*YOUR GOAL*
Beginning with the line that holds "İş kadını beyaz" and ending with the last line below, please copy every line exactly, add nothing, and leave out the pictures.

*INPUT DATA*
──────────────────────────────
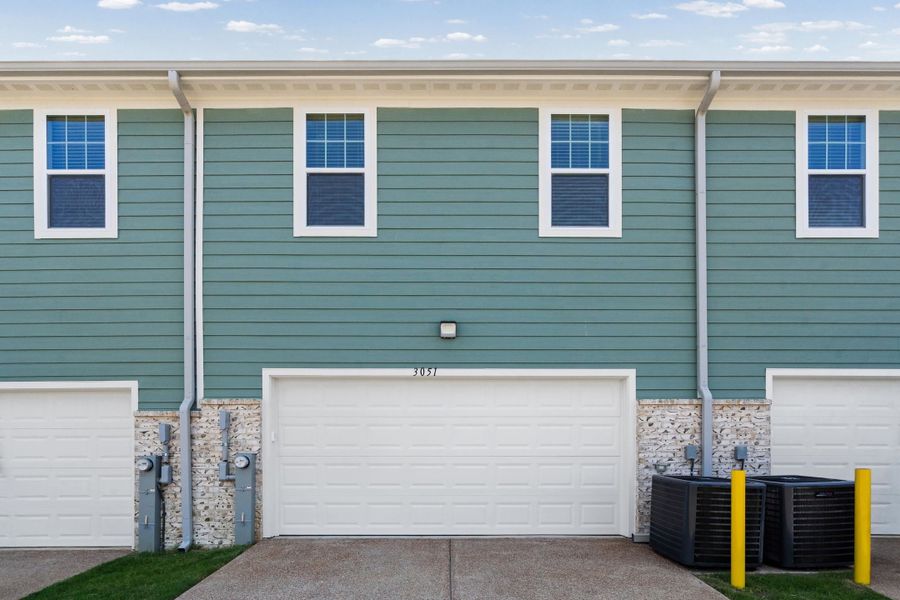Light blue horizontal siding facade with multiple white-framed windows Light blue horizontal siding facade with multiple white-framed windows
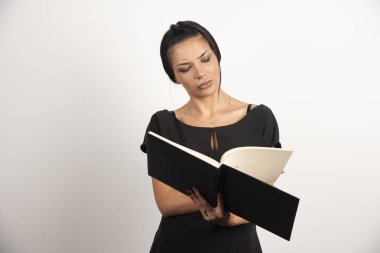 İş kadını beyaz arka planda defterine bakıyor. Yüksek kalite fotoğraf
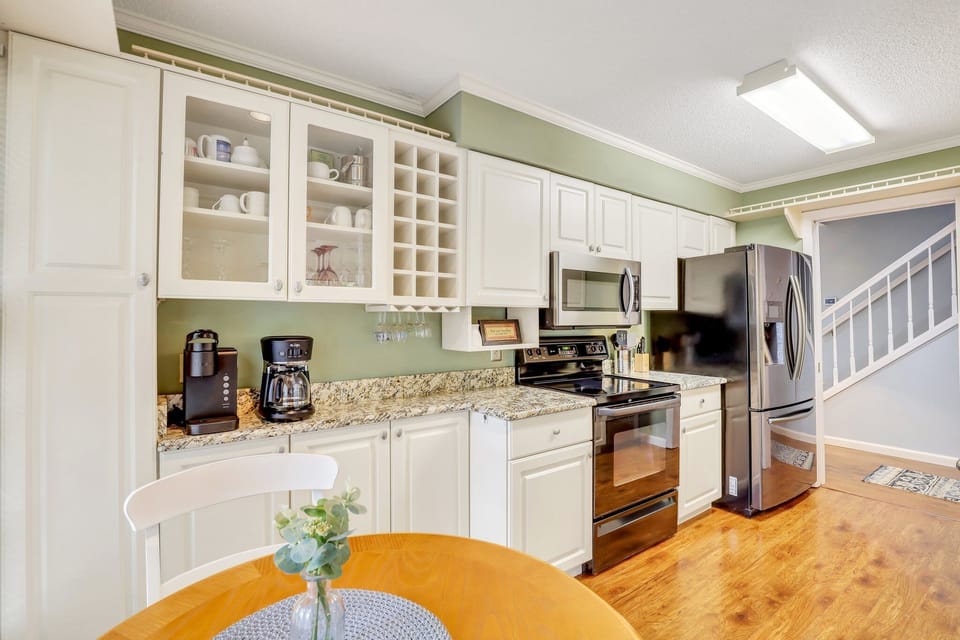 The fully stocked kitchen has stainless steel appliances and granite counter tops with a window cut out that gives the kitchen a feeling of an open floor plan while still maintaining privacy.
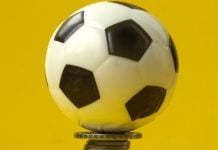Mercado de apostas projeta movimentar cerca de R$ 31 bilhões durante a Copa do Mundo 2026 Uma bola de futebol em cima de uma pilha de moedas e com fundo amarelo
──────────────────────────────
*RESPONSE*
 İş kadını beyaz arka planda defterine bakıyor. Yüksek kalite fotoğraf
 The fully stocked kitchen has stainless steel appliances and granite counter tops with a window cut out that gives the kitchen a feeling of an open floor plan while still maintaining privacy.
Mercado de apostas projeta movimentar cerca de R$ 31 bilhões durante a Copa do Mundo 2026 Uma bola de futebol em cima de uma pilha de moedas e com fundo amarelo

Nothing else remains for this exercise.